Ray v. Smith, 84 U.S. 17 Wall. 411 411 (1873)

Ray v. Smith

84 U.S. (17 Wall.) 411


1. Although it may be conceded that notice of demand and nonpayment of a note need not be given to an endorser who has received funds from the maker, indisputably and only for the purpose of paying the note whenever presented (an endorser in such a case becoming liable as a principal debtor), yet as such a rule does not apply when the endorser having funds of the maker has them not in that way, but only from the profits of a business in conducting which he was a partner of the maker, and is simply authorized to apply the funds so in his hands to the payment

Page 84 U. S. 412

of notes at their maturity, and thus may have parted with them a certain time after the maturity -- in such a case it is error to take away from the jury the question whether the note was legally presented to the maker for payment and whether notice of dishonor was legally given to the endorser. The most that in such a case can properly be asked by the holder of the notes is that the evidence should be submitted to the jury to find whether it proved that the defendant had become the principal debtor by arrangement between him and the maker, with instructions that if it did, the plaintiff was entitled to recover, and that if it did not, the endorser could not be held liable without proof of reasonable demand upon the maker, and notice.

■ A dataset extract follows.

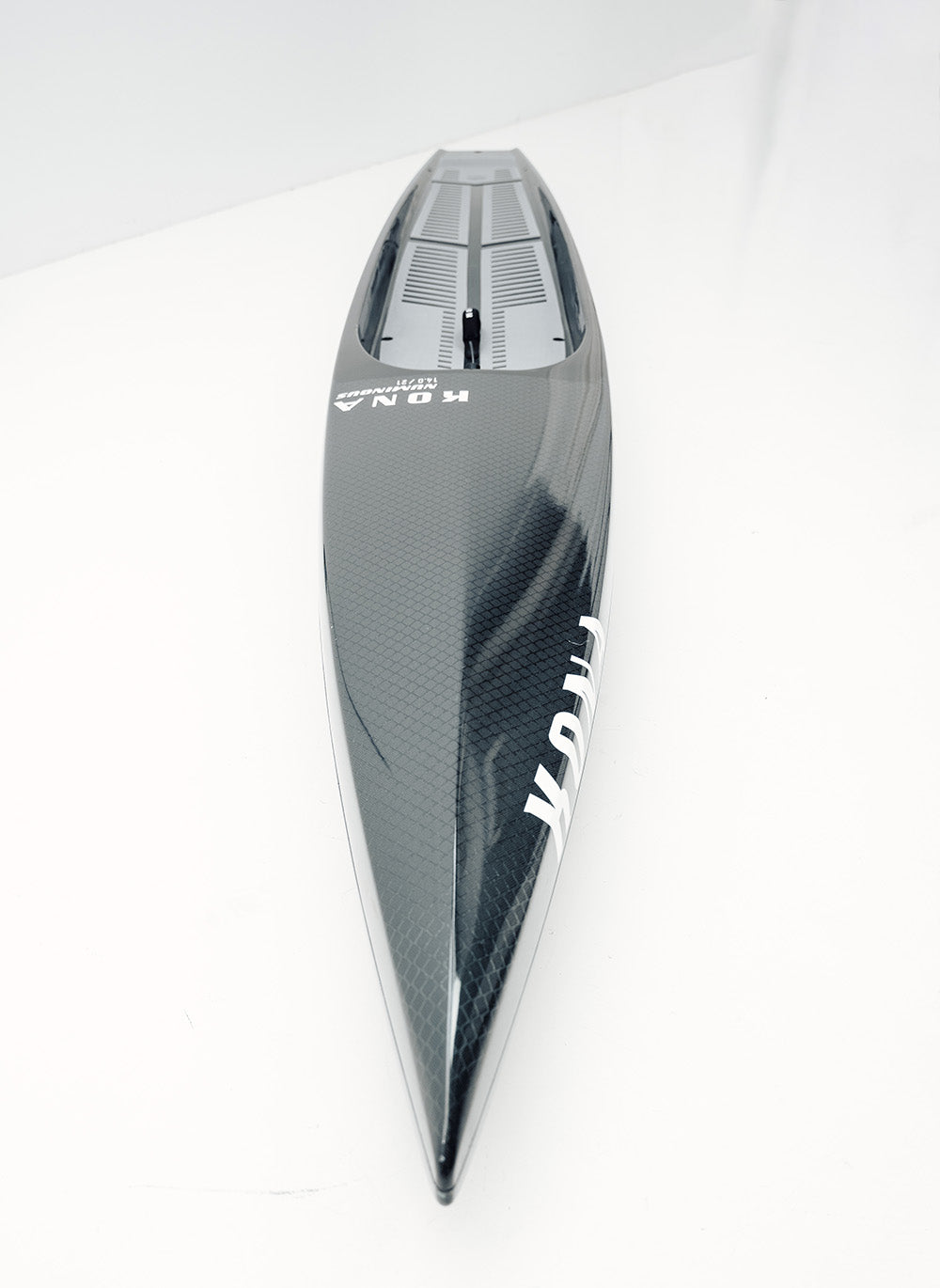 Numinous 14x21 Mod2 Carbon Svart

2. Though a party may have taken exception before a trial to the refusal of a court then to suppress a deposition, yet if he allow the deposition to be read on the trial without opposition, he cannot avail himself, in this Court, of his previous exception.

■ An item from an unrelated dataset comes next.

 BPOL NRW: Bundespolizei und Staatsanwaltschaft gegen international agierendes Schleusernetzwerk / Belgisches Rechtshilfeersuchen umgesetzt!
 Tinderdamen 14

Smith, in November, 1866, sued Ray in the court below as the endorser of two negotiable notes, made by one Harkaway. The notes were both dated April 12, 1861, and were made payable at the Bank of Mobile, one on the 1st day of March, 1862, and the other on the 1st day of November, in the same year. Both the maker and the endorser were then, and continued to be, citizens of the State of Alabama, and the holder of the notes was and continued to be a citizen of the State of New York. When the notes fell due in 1862, they were not presented for payment, in consequence of the war of the rebellion then existing, but they were presented in 1866, a certain time after the close of the war, and were dishonored. Notice of the dishonor was then given to the endorser.

The plaintiff alleged in his declaration, as an excuse for the nonpresentation of the notes at the time when they fell due, the existence of the civil war and the residence of the holder in the State of New York and that of the maker and endorser in Alabama, regions then at war with each other, and alleged further that he had presented the notes and given notice of the dishonor within a reasonable time after the termination of the war, specifying the date of the presentation &c. The defendant set up that the date named

Page 84 U. S. 413

was not reasonable in point of time. And evidence was given as to when the war ended and intercourse was resumed, when the notes could have been presented, and when they were in fact presented.

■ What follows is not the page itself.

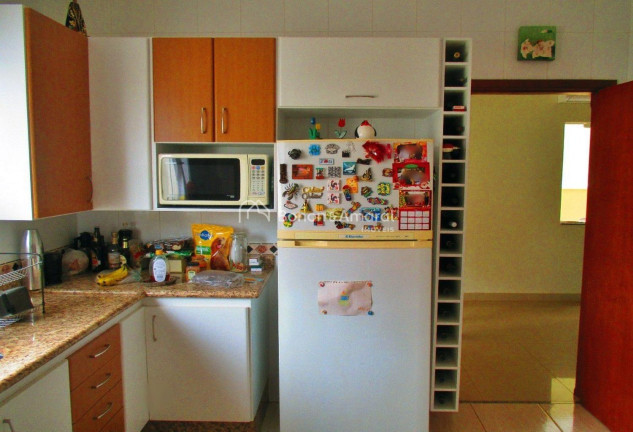 Imagem Casa de Condomínio com 3 Quartos à Venda, 300 m² em Betel - Paulínia Imagem Casa de Condomínio com 3 Quartos à Venda, 300 m² em Betel - Paulínia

A portion of the evidence (descriptive of the course of business out of which the claim arose) was derived from a deposition of the plaintiff, taken de bene esse, which before the trial the defendant had moved to suppress. The court on this motion refused to suppress it. An exception was taken to this refusal, but on the trial it was read without objection.

It appeared in evidence that the maker of the notes, and Ray, the endorser, were partners in a business which was actively conducted by Ray; that after the notes were endorsed to the plaintiff and before their maturity, Ray had in his hands of the profits of the business, belonging to the maker, a sum larger than the amount of the two notes, that this sum remained in his hands until after the notes matured, and that he was authorized to apply it to their payment, at their maturity. But it also appeared that he could not find the notes at their maturity, nor until the spring of 1866, at which time, as already said, they were presented to the maker for payment, and that before they were thus presented, the maker had instructed the defendant to apply the sum in his hands to the payment of other debts, which the defendant had done.

The court charged:

"If there were no evidence in this case that the maker of the notes in suit had provided the endorser with funds to discharge them at maturity, then the question whether the notes were legally presented for payment and the question whether legal notice of protest was given to the endorser would have had to be submitted to the jury. The evidence on this point is that Ray was provided by the maker of the notes with the means of indemnifying himself against his endorsement. He need not have parted with these means until the notes were paid and in his possession. He chose to do so, however, and cannot now complain of the want of demand on the maker or notice of

Page 84 U. S. 414

protest to himself. I therefore direct your verdict for the plaintiff for $1,124.50, with interest thereon from the 4th March, 1862, and for $1,124.50, with interest thereon from the 4th November, 1862."

To this charge the defendant excepted, and offered to state to the court the grounds of his exceptions; but the court refused any such statement.